It’s been a few weeks since Worth Reading, your weekly guide to the best writing in video games, but we’re back.
Hey, You Should Read These
“The Story of Fumito Ueda” by game no ryuugi (translated by Shmuplations)
Though we haven’t heard a lick about The Last Guardian since Sony re-premiered the game for PlayStation 4 at E3 last year, it’s presumably still in development. Presumably. Whatever happens with Fumito Ueda’s latest game, however, he remains one of gaming’s most interesting designers. Schmuplations recently translated a lengthy interview with Ueda, walking through his early days as a student and what eventually got him into video games. (Did you know he used to ditch school and go on 36-hour motorcycle rides? I’m not sure I’ll do anything nearly as cool as that.)

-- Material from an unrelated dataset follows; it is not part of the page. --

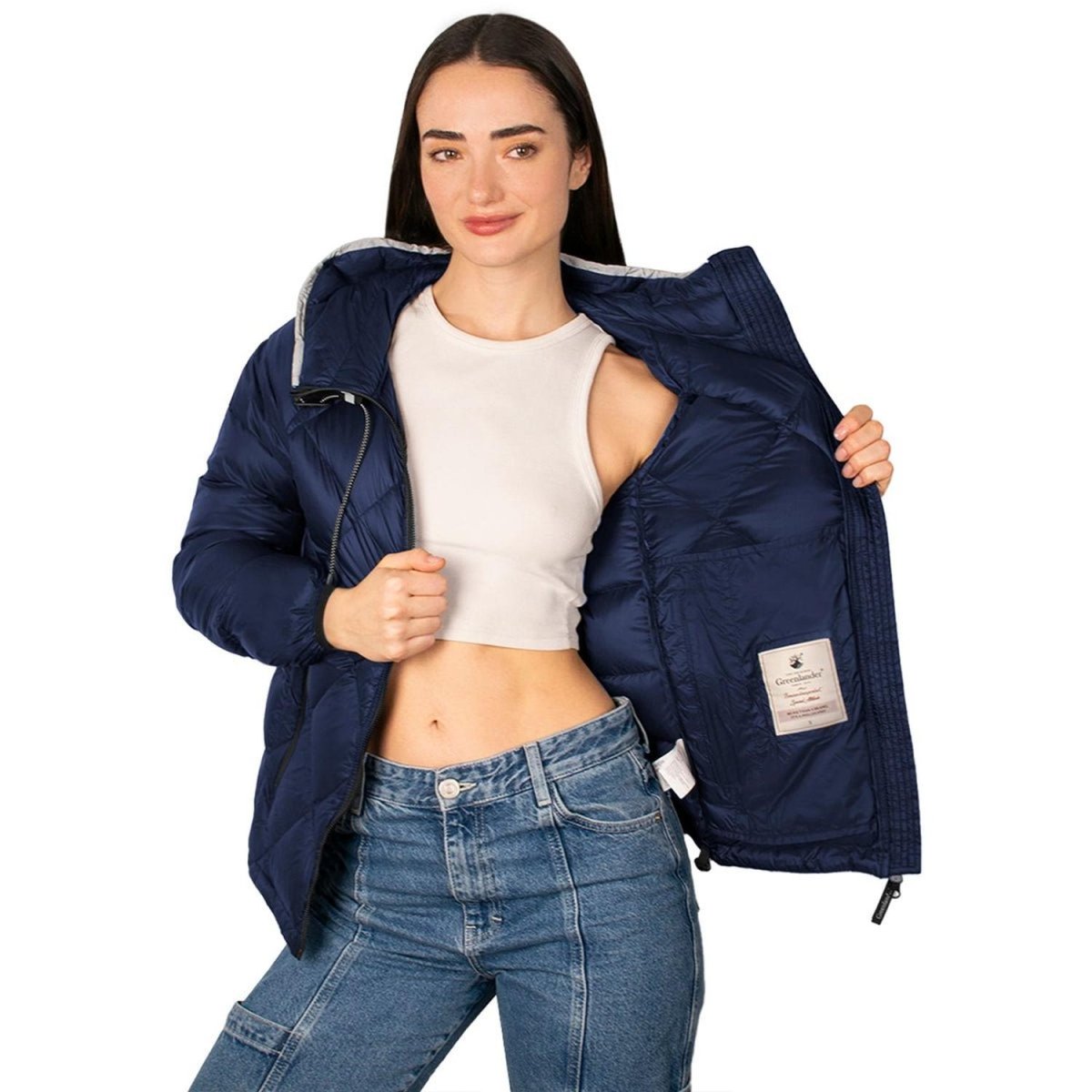 Chamarra Capitonada con Capucha de Pluma Greenlander Mujer - Greenlander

I see. After you quit WARP, and you were deciding your next move, why did you choose SCE?
Ueda: Well, it was probably all down to PaRappa the Rapper. That and I.Q.: Intelligent Qube. They were a big inspiration to me. PaRappa, especially, was huge. The first time I saw it was at the Tokyo Game Show, I believe. It looked so much higher quality than the 3D rendering movies I was making. It was 3D, but the way they used the paper cutouts… I remember I went back to the game show a second time, just to see it again.
What was so inspiring to you about it?
Ueda: I think it was the influence of Rodney Alan Greenblat, the artist. That was the first thing that jumped out at me, that you had this modern artist doing graphics for a video game. I also loved the game’s style, of course. It seemed to draw a line between itself and what had previously been called “video games.” It really felt like something new, and I think that was what impressed me the most.

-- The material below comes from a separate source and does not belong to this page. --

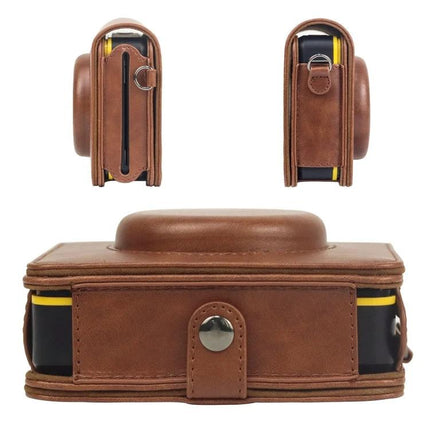 Protective PU Leather Case for Kodak Mini Shot 3 Square Retro Camera with Strap brown side and front view showing strap and snap closure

“On Dark Souls And Easy Modes” by Cameron Kunzelman
If there’s a new Dark Souls game, there’s a new round of arguments about whether it should accommodate players turned off by the difficulty. Cameron Kunzelman, in favour of adjustable difficulty modes, thoughtfully walks through the arguments against the idea by a bunch of other critics. Not long ago, I’d have been on their side, but the more I’ve played these games and the more I’ve studied their storytelling, I’m inclined to think they’re leaving behind an audience that could appreciate the world, lore and characters. Of course, it’s up to the developer to say “no, thanks”, and I suspect From Software will keep on trucking, but it’s an interesting thought experiment. (Please try to keep the comments civil on this topic!)
Entangled in this first idea is a second uncomplicated assumption about what ‘easy mode’ might be. I don’t think that many people who advocate for an easy mode in the Souls franchise believes that they will get the exact same experience as the ‘normal mode’ playing easy mode. I don’t think that many people have illusions about how they would be treated by community if they said that they played in easy mode. I don’t think that the game would be the same in most ways. It seems that everyone I quoted at the top of this piece believes that some kind of point would be lost by shaving the difficulty of the game down in any way, but as someone who would like this mode, I see it in a different way.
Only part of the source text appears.